## Work request:
The required output is the lines below from the line containing "Apartments With A" to the line containing "La Pergola & Le bistro Arabe", inclusive, retyped exactly. No other lines belong in it.

## Provided information:
━━━
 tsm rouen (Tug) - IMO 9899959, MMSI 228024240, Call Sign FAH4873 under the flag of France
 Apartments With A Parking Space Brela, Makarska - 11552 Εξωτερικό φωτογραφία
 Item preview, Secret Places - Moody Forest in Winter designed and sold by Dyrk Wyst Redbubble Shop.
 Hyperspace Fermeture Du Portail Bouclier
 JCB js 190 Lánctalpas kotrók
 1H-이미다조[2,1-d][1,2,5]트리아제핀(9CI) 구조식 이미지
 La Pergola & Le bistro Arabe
━━━
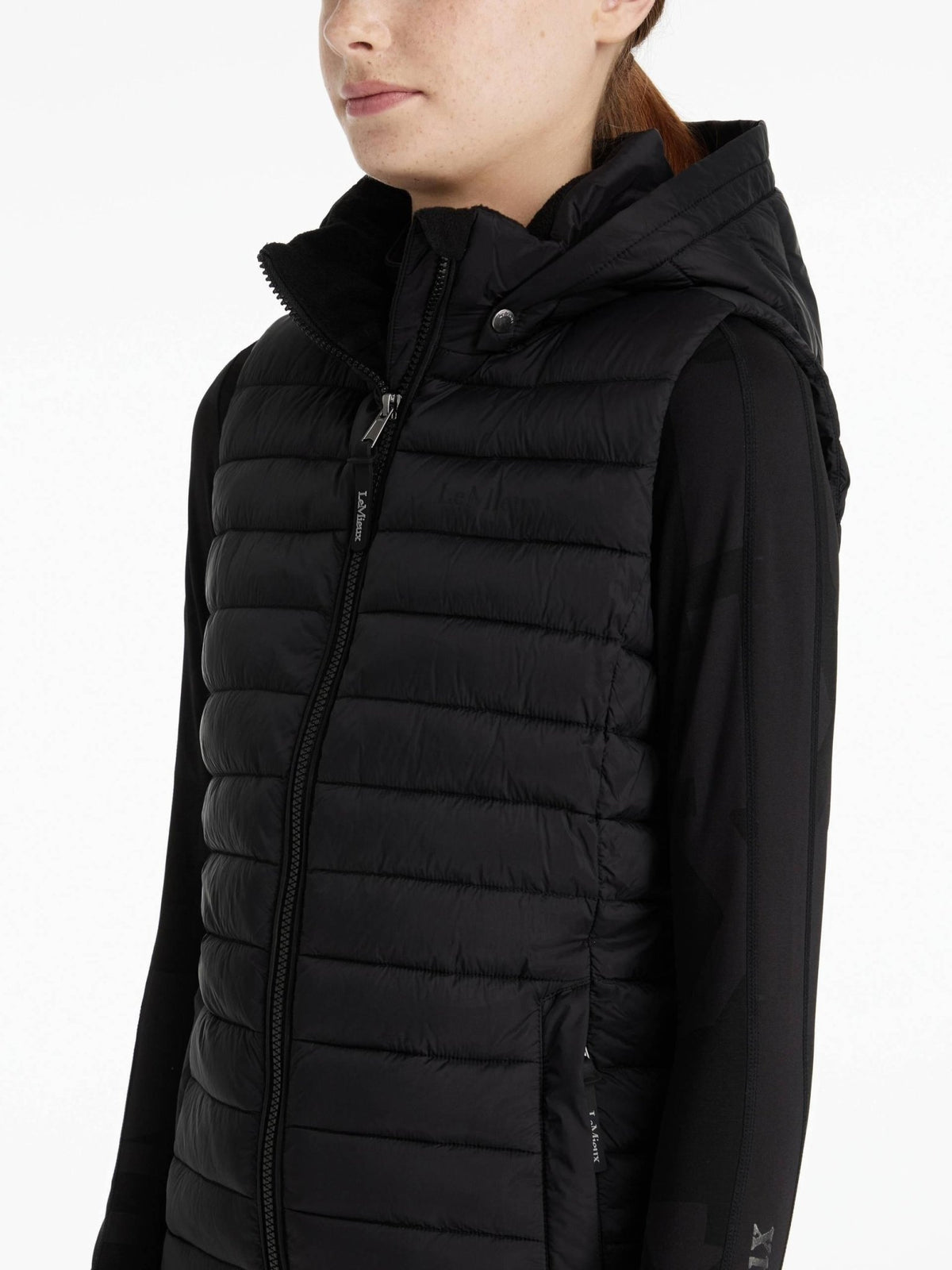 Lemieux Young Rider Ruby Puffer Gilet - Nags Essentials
━━━
## Answer space:
 Apartments With A Parking Space Brela, Makarska - 11552 Εξωτερικό φωτογραφία
 Item preview, Secret Places - Moody Forest in Winter designed and sold by Dyrk Wyst Redbubble Shop.
 Hyperspace Fermeture Du Portail Bouclier
 JCB js 190 Lánctalpas kotrók
 1H-이미다조[2,1-d][1,2,5]트리아제핀(9CI) 구조식 이미지
 La Pergola & Le bistro Arabe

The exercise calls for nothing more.